CN-121979132-A - Remote automatic control method and system for Internet equipment
Abstract
The invention belongs to the technical field of automatic control, and discloses a remote automatic control method and a remote automatic control system for internet equipment; the method comprises the steps of collecting industrial environment parameters of an industrial workshop in real time, intelligently predicting the optimal operation parameters of each industrial environment control device, dynamically simulating the air flow state in the industrial workshop based on the optimal operation parameters, acquiring multidimensional air flow field data of different spatial areas in the industrial workshop, identifying conflict areas in the spatial areas, evaluating the conflict characteristics of each conflict area, carrying out global linkage optimization on the optimal operation parameters of each industrial environment control device to obtain linkage optimization parameters, and carrying out remote control on each industrial environment control device.
Inventors
- CHEN JINGGANG
- SHI ZHONGHUI
Assignees
- 徐州市亿龙机电科技有限公司
Dates
- Publication Date
- 20260505
- Application Date
- 20251230
Claims (10)
- 1. The remote automatic control method for the Internet equipment is characterized by comprising the following steps of: collecting industrial environment parameters of an industrial workshop in real time; based on the industrial environment parameters acquired in real time, intelligently predicting the optimal operation parameters of each industrial environment control device; Based on the optimal operation parameters of each industrial environment control device, dynamically simulating the air flow state in the industrial workshop, and acquiring multidimensional air flow field data of different space areas in the industrial workshop; Carrying out wind field coupling analysis on multidimensional air flow field data of different space areas, identifying conflict areas in the space areas, and carrying out interference evaluation on each conflict area in sequence to obtain conflict characteristics of each conflict area; based on the conflict characteristics of each conflict area, performing global linkage optimization on the optimal operation parameters of each industrial environment control device to obtain linkage optimization parameters; and remotely controlling each industrial environment control device according to the linkage optimization parameters of each industrial environment control device.

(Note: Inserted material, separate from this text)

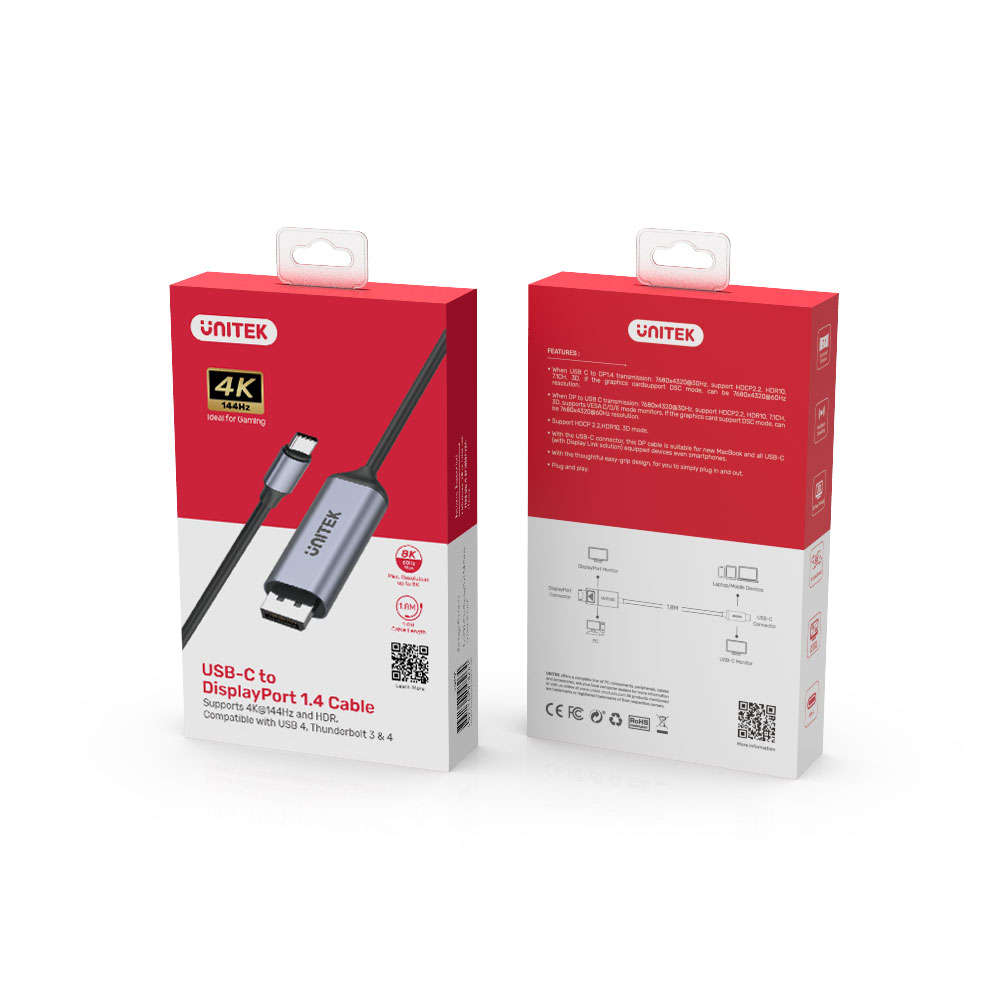 Unitek - USB-C to HDMI 8K Cable 1.8M - Unitek - USB-C to HDMI 8K Cable 1.8M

- 2. The method of claim 1, wherein intelligently predicting the content of the optimal operating parameters for each of the industrial environmental control devices comprises: Constructing a three-dimensional grid model of an industrial workshop, and mapping industrial environment parameters into grid cells in the three-dimensional grid model to obtain the industrial environment parameters of each grid cell; setting different digital labels for each grid unit in turn and marking the digital labels as grid labels, taking industrial environment parameters and corresponding grid labels of each grid unit as a group of environment sets, determining influence units corresponding to each industrial environment control device, taking environment sets corresponding to all influence units of each industrial environment control device as a group of influence sets, and respectively inputting each group of influence sets into a trained parameter prediction model to predict optimal operation parameters corresponding to each industrial environment control device.
- 3. The method of remotely and automatically controlling an internet appliance according to claim 2, wherein the step of dynamically simulating the air flow state in the industrial plant comprises: step S1, randomly selecting one industrial environment control device and marking the selected device as the selected device; Step S2, setting a plurality of particles for each influence unit of the selected equipment, and acquiring particle positions; Step S3, acquiring the air flow rate of an industrial workshop in real time, and setting a corresponding particle flow rate for each particle in sequence by combining the optimal operation parameters of the selected equipment; step S4, updating the particle flow rate of each particle based on the particle position and the hydrodynamic effect; Step S5, updating the particle position of each particle based on the updated particle flow velocity; step S6, respectively carrying out equal weight average calculation on the particle flow velocity after the particle update corresponding to each influence unit to obtain the average flow velocity of each influence unit; Step S7, calculating flow field stability, judging whether iteration convergence is achieved, returning to step S4 if iteration convergence is not achieved, and entering step S8 if iteration convergence is achieved; And S8, circulating the steps S1 to S7 until all the industrial environment control devices are marked as selected devices, ending the circulation, and obtaining a plurality of average flow rates corresponding to each grid unit.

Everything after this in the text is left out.